Impresario des neuen Londoner Schubs bleibt der DJ Gilles Peterson mit seinem Brownswood-Label. Dort erschien Ende April das neue Album des Tokioter DJs Toshio Matsuura "Loveplaydance: 8 Scenes from the Floor", der schon seit 25 Jahren mit Peterson zusammenarbeitet. Peterson hat mit einigen Schlüsselmusikern wie der Trompeterin Yazz Ahmed, der Saxofonistin Nubya Garcia und dem Schlagzeuger Tom Skinner eine wunderbar behutsame Musik geschaffen, die den Spiritual Jazz mit den Mitteln jener Electronica erneuert, die sonst im Chill-out versuppen. Und dort erscheint Ende des Monats auch das Album des Keyboarders Kamaal Williams alias Henry Wu "The Return", das an die Jazzfunk-Brillanz seiner Band Yussef Kamaal anschließen wird.
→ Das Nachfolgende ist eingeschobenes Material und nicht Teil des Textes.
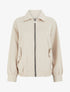 Veste ample zippée à bords élastiqués - Beige - 1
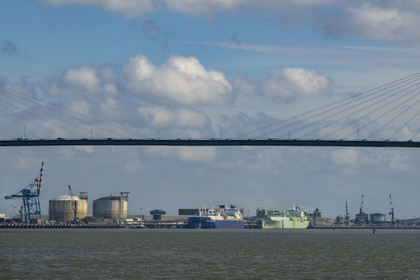 France, Loire Atlantique, Estuaire de la Loire, Saint Nazaire, the Saint-Nazaire bridge and the Grand port maritime de Nantes-Saint-Nazaire in the background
Auch gut: Azar Lawrence "Elementals" (High Note): Wird seinem Ruf als legitimer Coltrane-Erbe einmal mehr mit einem mächtigen Ton gerecht, der jenseits der Spiritual-Jazz-Stücke auch konventionellen Hard-Bop-Arrangements Neues abgewinnt.

Dave Liebman "Fire" (Jazzline): Man vergisst leicht, dass der Saxofonist als einer der produktivsten und ideenreichsten Miles-Davis-Weggefährten noch am Werk ist, der auf seinem neuen Album einmal mehr definiert, wie frei Musik sein kann.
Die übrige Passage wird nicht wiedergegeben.